King County officials urge river safety as temperatures rise
May 22, 2012
More sunshine and balmier temperatures in the forecast mean more people heading to area rivers.
King County officials urge recreational river users to use caution due to the effects of significantly greater-than-average mountain snowpack on waterways.
Even though air temperatures continue to rise, rivers, lakes and Puget Sound all remain cold, and recreationists should use caution around open water.
Officials recommended kayakers, boaters, rafters and other river users check conditions and scout rivers thoroughly for hazards before getting in the water.
“Rivers are dynamic systems, and they are always changing,” King County Department of Natural Resources and Parks Director Christie True said in a statement. “Warm weather and cold water can be a dangerous combination, and we urge all river users to exercise a high degree of caution and awareness when recreating on any of King County’s beautiful rivers.”

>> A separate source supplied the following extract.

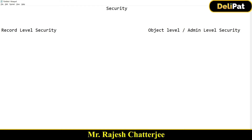On the other hand, we have object level security, also called admin level security. For example, with five users in the org: user one can create leads, user two can create and delete leads, user three can only view leads — no create, no delete. So as an admin, you define that user A has read access to the Lead object, user B has read and write access, and user C has read, write, and delete access. That's object level security.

King County leaders adopted a measure last spring to require personal flotation devices for users along the Raging, Snoqualmie, Tolt, Cedar, Green, Skykomish and White rivers in unincorporated areas. The measure expired in October.
“If you’re looking to swim, there are much safer places to be than in the rivers, such as our local pools and lifeguarded beaches,” Dr. David Fleming, director and health officer for Public Health – Seattle & King County, said in a statement. “If you choose to enjoy the rivers for other recreational activities, we want you to return home safely. Please use caution and wear a PFD on the water.”